Embracing Interprofessional Education via Shared Diabetic Medical Appointments
Pharmacists and pharmacy trainees have integrated themselves into the interprofessional team in a multitude of practice settings, demonstrating their value in a variety of capacities. In the Beaumont Hospital, Dearborn Schaefer Internal Medicine Clinic, pharmacy and medical trainees provide care to uncontrolled diabetic patients via shared medical appointments with designated roles and responsibilities. This clinic serves as the outpatient training site for both pharmacy trainees and medical residents. Therefore, trainees benefit significantly by embracing the true essence of interprofessional education (IPE). The Center for the Advancement of Interprofessional Education (CAIPE) defines IPE as the involvement of educators and learners from two or more health professionals who create and foster a collaborative learning environment.1
In the Beaumont Schaefer Internal Medicine Clinic, pharmacy trainees (either the first year pharmacy resident or the fourth year Wayne State University pharmacy student) and the medical resident conduct the visit for uncontrolled diabetic patients together, addressing different components of the patient interview. Then, the trainees present the patient case, including their assessment and plan, with myself (the ambulatory care pharmacist specialist/preceptor) and the medical faculty in clinic. The plan is then discussed and agreed upon as a team. This discussion allows for teachable moments, and the trainees are given the opportunity to discuss the rationale for the plan they have created together. This is contrary to models where the pharmacy trainee and medical resident conduct their visits independently, which may not facilitate trainees' learning and providing care with one another. Indeed, this type of model has fostered a collaborative environment where the trainees are able to learn, while providing exceptional care delivered by the interprofessional team.

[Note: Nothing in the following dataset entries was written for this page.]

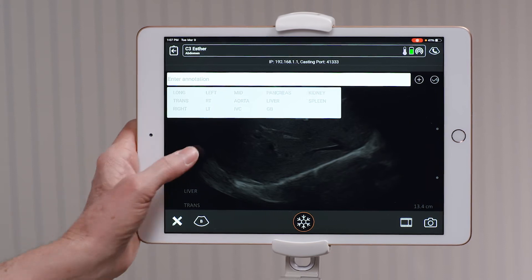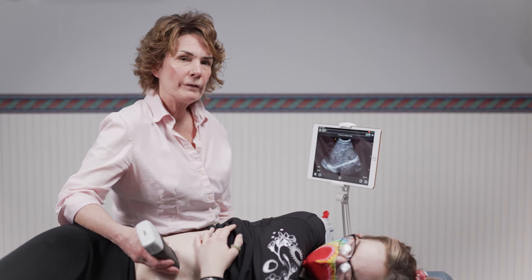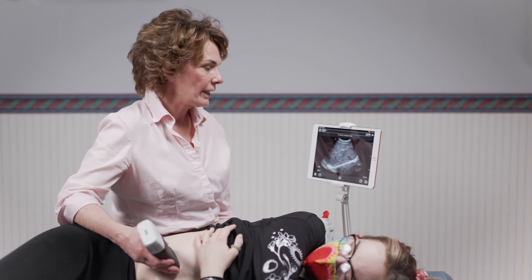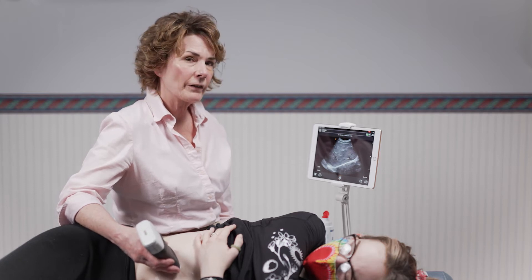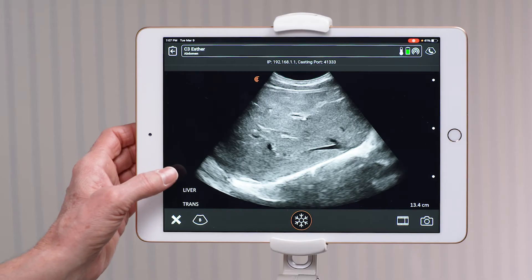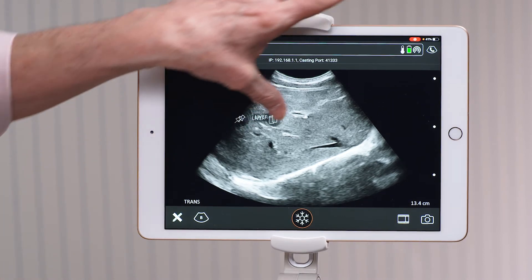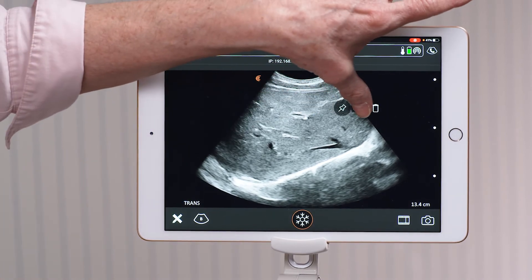you can see both of those — transverse and liver will be in the lower left hand corner. You can also move the annotations anywhere on the screen by tapping them with your finger and moving them to where you would like them to be.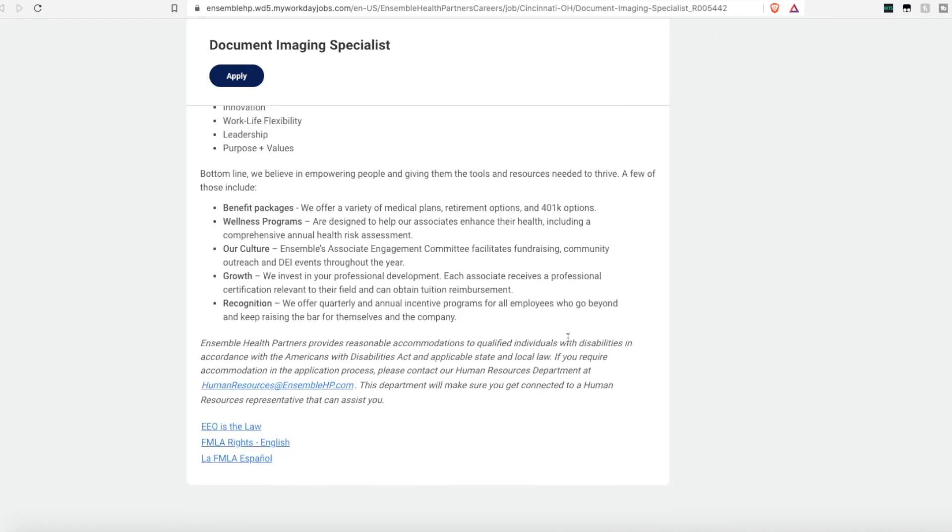They don't list what the pay is for this position, but they do offer benefit packages, including health, dental, vision, and 401k. And it says they offer wellness programs and options for growth.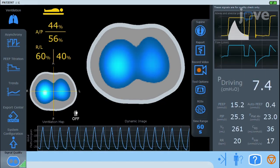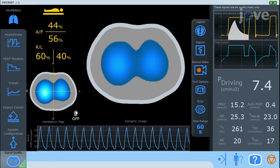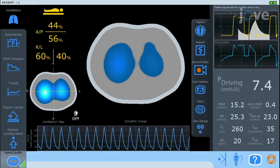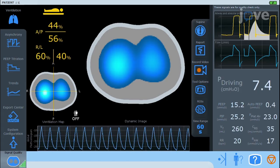Start monitoring in the absence of patient movements. The EIT will generate two images: the dynamic image and the ventilation map.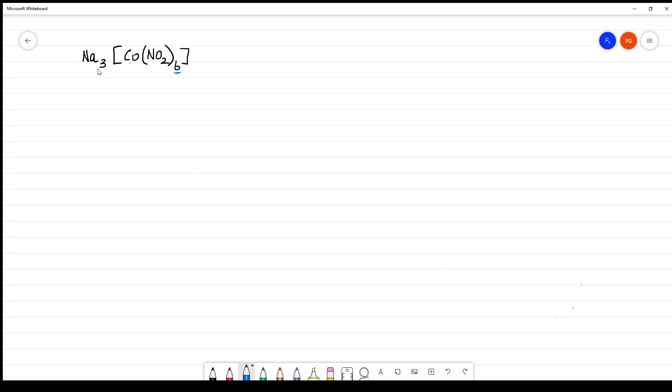Name the complex Na₃[Co(NO₂)₆]. First we have to identify what is cation. This is cation and this is the complex anion.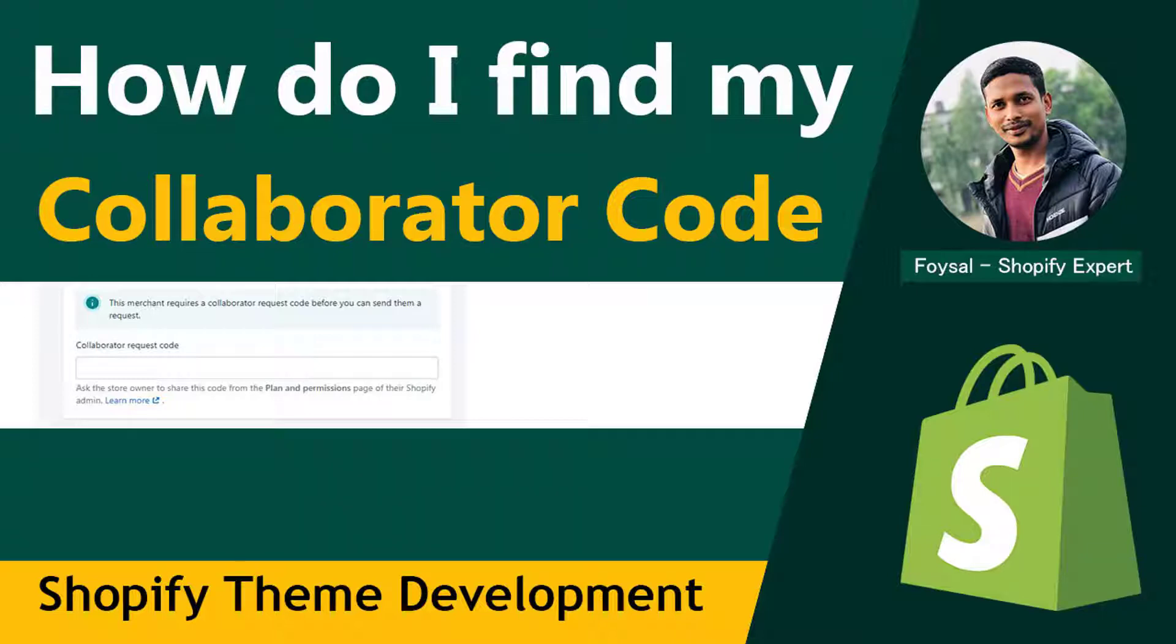This tutorial will be helpful for you. Here I'm going to share the easy steps so that you can share this code with your developer or with your staff. So let's get started.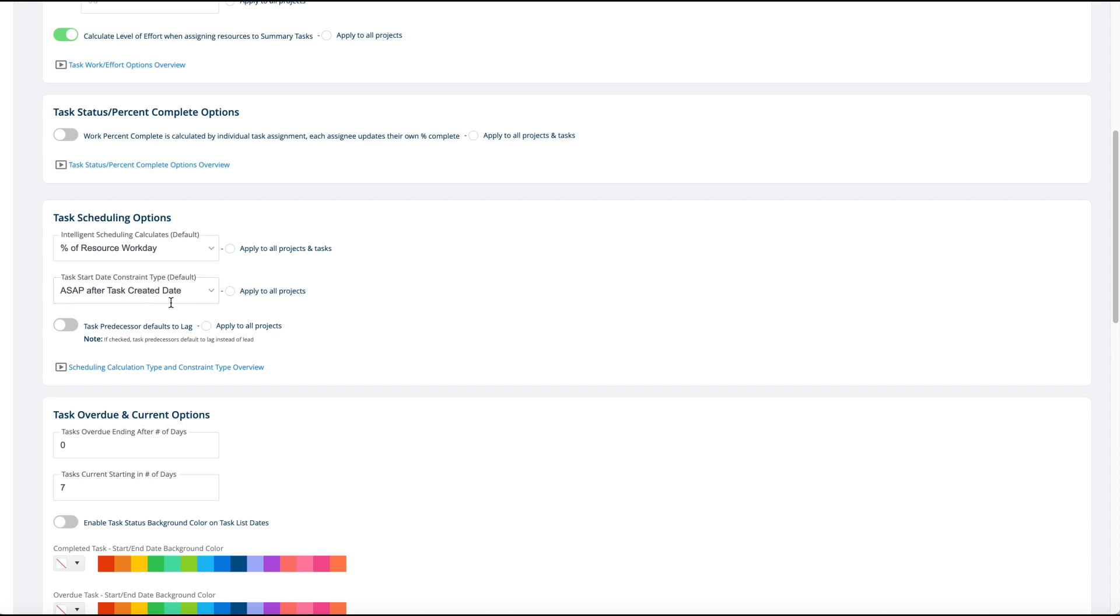But our default is that it's both after the project start date and today being created. So normally that way it prevents you from putting a task in - if your project was three months ago and you add a task, it doesn't automatically calculate the task to start three months ago. That makes no sense.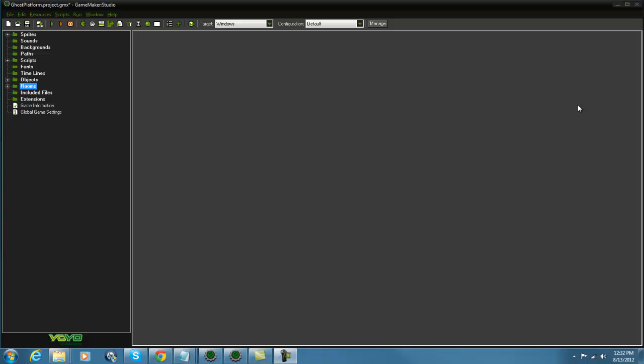What is going on guys, RealTouchGML here back with another GameMaker tutorial. Today we're going to cover how to create ghost platforms. If you don't know what ghost platforms are, basically if you've ever played Doodle Jump on the iPod, you can jump through the block going up but when you come back down, you can't go through it. That's pretty much what we're going to be doing today.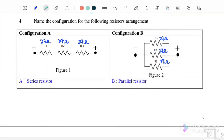Here we have two configurations. Configuration A, where R1, R2, and R3 are connected in series. For configuration B, R1, R2, and R3 are connected in parallel. Let's say R1, R2, and R3 are each 27 Ohm.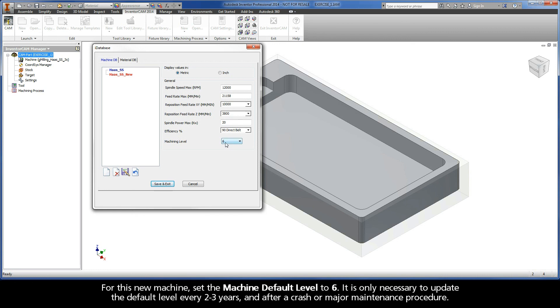It is only necessary to update the default level every 2-3 years and after a crash or major maintenance procedure.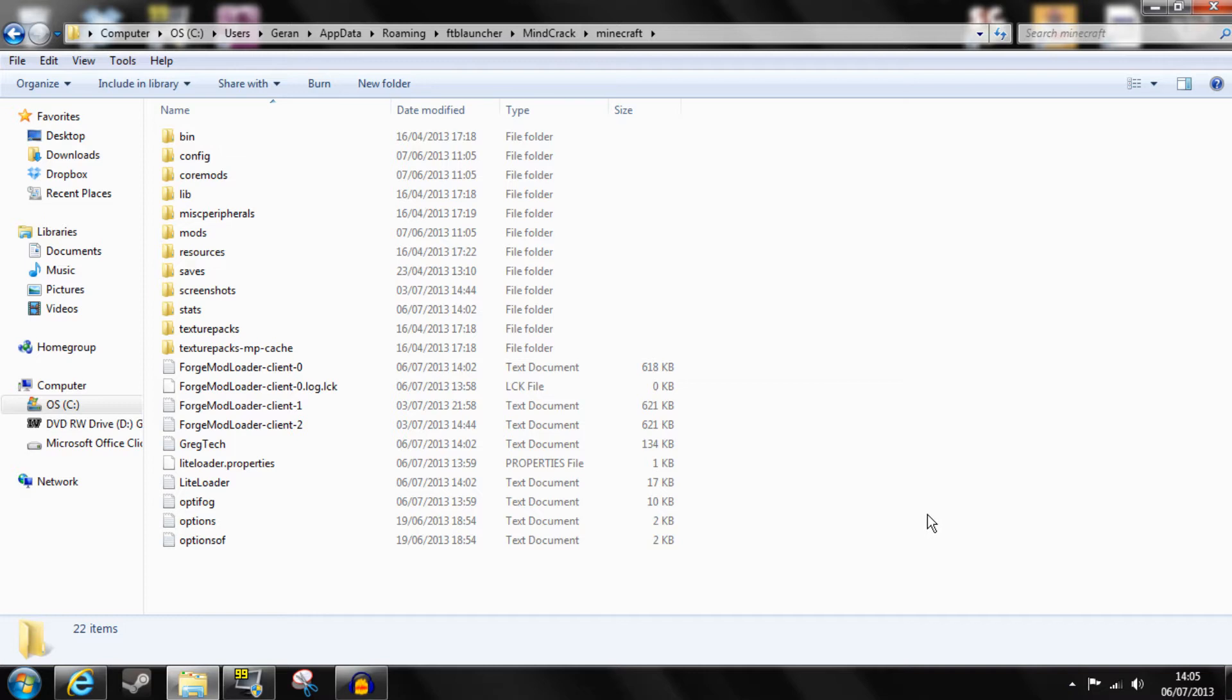This time I'm showing you something for the Portal Gun mod. This is editing Portal Gun config files.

Student Pharmacist Involvement in Transitions of Care
The pharmacy profession has demonstrated its potential to improve economic and clinical outcomes in transitions of care (TOC) by improving the accuracy of medication reconciliation (MR), providing medication counseling, and reducing 30-day hospital readmissions.2 Although the benefits of pharmacy are well-described, one commonly cited issue with pharmacy-led TOC services is the difficulty in scaling the processes hospital-wide.3 One time and motion analysis found that 46 to 92 minutes were required per medication reconciliation.4 Thus, for a hospital with 23,500 annual admissions, 11 full-time pharmacy faculty would be required for MR alone.3 To expand services, some institutions have turned to pharmacy technicians and pharmacy students to lead medication reconciliation efforts.5
At Beaumont Hospital, Dearborn, the TOC pharmacist specialist has incorporated five Introductory Pharmacy Practice Education students from Wayne State University and the University of Michigan into the MR process. Every day one to two students are given high-risk patients to interview for a best practice MR. This semester, the students are on track to interview more than 80 patients and have identified, on average, more than four medication errors per patient interaction. The students are involved with allergy clarification and identification of social issues such as lack of insurance coverage, transportation problems, and low medication adherence. They also collect clinical data which will be used to identify clinical and social variables that are most highly associated with medication errors to create a more targeted MR program. Student and preceptor feedback have been positive regarding the process from both process and educational standpoints.
1.Buring SM, Bhushan A, Broeseker A, et al. Interprofessional education: definitions, student competencies, and guidelines for implementation. Am J Pharm Educ 2009; 73(4): 59.
2.Mekonnen AB, McLachlan AJ, Brien JE. Effectiveness of pharmacist-led medication reconciliation programmes on clinical outcomes at hospital transitions: a systematic review and meta-analysis. BMJ Open 2016; 6: 1-14.
3.Pevnick JM, Shane R, Schnipper, JL. The problem with medication reconciliation. BMJ Qual Saf 2016; 25(9): 726-730.
4.Meguerditchian AN, Krotneva S, Reidel K, Huang A, Tamblyn R. Medication reconciliation at admission and discharge: a time and motion study. BMC health Services Research 2013; 13(485): 1-11.
5.Gortney JS, Moser LR, Patel P, Raub JN. Clinical outcomes of student pharmacist-driven medication histories at an academic medical center. J Pharm Pract 2018; XX(X): 1-8.